▶ [Required work]: When you answer, restate the entries below without altering anything.

▶ [Material provided]:
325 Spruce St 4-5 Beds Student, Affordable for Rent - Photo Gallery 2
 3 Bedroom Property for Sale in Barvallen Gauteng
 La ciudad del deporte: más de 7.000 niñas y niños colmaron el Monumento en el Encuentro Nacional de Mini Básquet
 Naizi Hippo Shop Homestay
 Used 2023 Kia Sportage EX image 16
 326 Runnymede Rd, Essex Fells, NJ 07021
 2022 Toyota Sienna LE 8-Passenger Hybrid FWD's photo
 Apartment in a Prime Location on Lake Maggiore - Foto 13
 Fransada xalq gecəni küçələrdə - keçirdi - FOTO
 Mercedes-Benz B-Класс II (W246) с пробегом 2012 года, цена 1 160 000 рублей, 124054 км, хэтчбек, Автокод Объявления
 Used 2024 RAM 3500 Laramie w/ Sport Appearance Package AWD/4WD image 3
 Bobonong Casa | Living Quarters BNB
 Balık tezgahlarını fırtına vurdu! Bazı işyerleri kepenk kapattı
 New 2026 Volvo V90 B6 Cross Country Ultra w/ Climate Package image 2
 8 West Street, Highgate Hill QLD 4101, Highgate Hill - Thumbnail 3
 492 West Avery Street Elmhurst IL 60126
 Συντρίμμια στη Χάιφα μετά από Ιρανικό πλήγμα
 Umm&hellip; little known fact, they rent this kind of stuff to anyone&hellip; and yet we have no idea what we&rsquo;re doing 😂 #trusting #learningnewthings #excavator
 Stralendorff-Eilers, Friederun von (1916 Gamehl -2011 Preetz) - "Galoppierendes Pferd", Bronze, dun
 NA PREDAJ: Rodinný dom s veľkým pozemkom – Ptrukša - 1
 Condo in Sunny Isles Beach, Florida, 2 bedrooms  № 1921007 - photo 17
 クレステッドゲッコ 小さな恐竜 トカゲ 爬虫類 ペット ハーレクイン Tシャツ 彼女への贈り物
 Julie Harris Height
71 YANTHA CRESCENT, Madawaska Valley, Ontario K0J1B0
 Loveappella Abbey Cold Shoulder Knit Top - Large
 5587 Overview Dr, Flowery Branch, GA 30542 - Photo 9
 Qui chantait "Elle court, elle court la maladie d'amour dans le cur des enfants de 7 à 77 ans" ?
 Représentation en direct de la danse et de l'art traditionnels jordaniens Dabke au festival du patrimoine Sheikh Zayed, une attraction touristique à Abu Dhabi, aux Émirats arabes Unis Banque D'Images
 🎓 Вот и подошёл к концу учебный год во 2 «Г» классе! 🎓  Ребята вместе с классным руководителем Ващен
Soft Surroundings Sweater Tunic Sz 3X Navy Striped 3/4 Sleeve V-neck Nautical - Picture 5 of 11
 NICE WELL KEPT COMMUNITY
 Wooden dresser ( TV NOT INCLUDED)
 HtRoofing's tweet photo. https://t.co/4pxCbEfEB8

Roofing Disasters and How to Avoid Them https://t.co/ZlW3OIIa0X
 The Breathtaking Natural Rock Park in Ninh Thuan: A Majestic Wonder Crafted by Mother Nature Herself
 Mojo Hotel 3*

▶ [Answer to this problem]:
325 Spruce St 4-5 Beds Student, Affordable for Rent - Photo Gallery 2
 3 Bedroom Property for Sale in Barvallen Gauteng
 La ciudad del deporte: más de 7.000 niñas y niños colmaron el Monumento en el Encuentro Nacional de Mini Básquet
 Naizi Hippo Shop Homestay
 Used 2023 Kia Sportage EX image 16
 326 Runnymede Rd, Essex Fells, NJ 07021
 2022 Toyota Sienna LE 8-Passenger Hybrid FWD's photo
 Apartment in a Prime Location on Lake Maggiore - Foto 13
 Fransada xalq gecəni küçələrdə - keçirdi - FOTO
 Mercedes-Benz B-Класс II (W246) с пробегом 2012 года, цена 1 160 000 рублей, 124054 км, хэтчбек, Автокод Объявления
 Used 2024 RAM 3500 Laramie w/ Sport Appearance Package AWD/4WD image 3
 Bobonong Casa | Living Quarters BNB
 Balık tezgahlarını fırtına vurdu! Bazı işyerleri kepenk kapattı
 New 2026 Volvo V90 B6 Cross Country Ultra w/ Climate Package image 2
 8 West Street, Highgate Hill QLD 4101, Highgate Hill - Thumbnail 3
 492 West Avery Street Elmhurst IL 60126
 Συντρίμμια στη Χάιφα μετά από Ιρανικό πλήγμα
 Umm&hellip; little known fact, they rent this kind of stuff to anyone&hellip; and yet we have no idea what we&rsquo;re doing 😂 #trusting #learningnewthings #excavator
 Stralendorff-Eilers, Friederun von (1916 Gamehl -2011 Preetz) - "Galoppierendes Pferd", Bronze, dun
 NA PREDAJ: Rodinný dom s veľkým pozemkom – Ptrukša - 1
 Condo in Sunny Isles Beach, Florida, 2 bedrooms  № 1921007 - photo 17
 クレステッドゲッコ 小さな恐竜 トカゲ 爬虫類 ペット ハーレクイン Tシャツ 彼女への贈り物
 Julie Harris Height
71 YANTHA CRESCENT, Madawaska Valley, Ontario K0J1B0
 Loveappella Abbey Cold Shoulder Knit Top - Large
 5587 Overview Dr, Flowery Branch, GA 30542 - Photo 9
 Qui chantait "Elle court, elle court la maladie d'amour dans le cur des enfants de 7 à 77 ans" ?
 Représentation en direct de la danse et de l'art traditionnels jordaniens Dabke au festival du patrimoine Sheikh Zayed, une attraction touristique à Abu Dhabi, aux Émirats arabes Unis Banque D'Images
 🎓 Вот и подошёл к концу учебный год во 2 «Г» классе! 🎓  Ребята вместе с классным руководителем Ващен
Soft Surroundings Sweater Tunic Sz 3X Navy Striped 3/4 Sleeve V-neck Nautical - Picture 5 of 11
 NICE WELL KEPT COMMUNITY
 Wooden dresser ( TV NOT INCLUDED)
 HtRoofing's tweet photo. https://t.co/4pxCbEfEB8

Roofing Disasters and How to Avoid Them https://t.co/ZlW3OIIa0X
 The Breathtaking Natural Rock Park in Ninh Thuan: A Majestic Wonder Crafted by Mother Nature Herself
 Mojo Hotel 3*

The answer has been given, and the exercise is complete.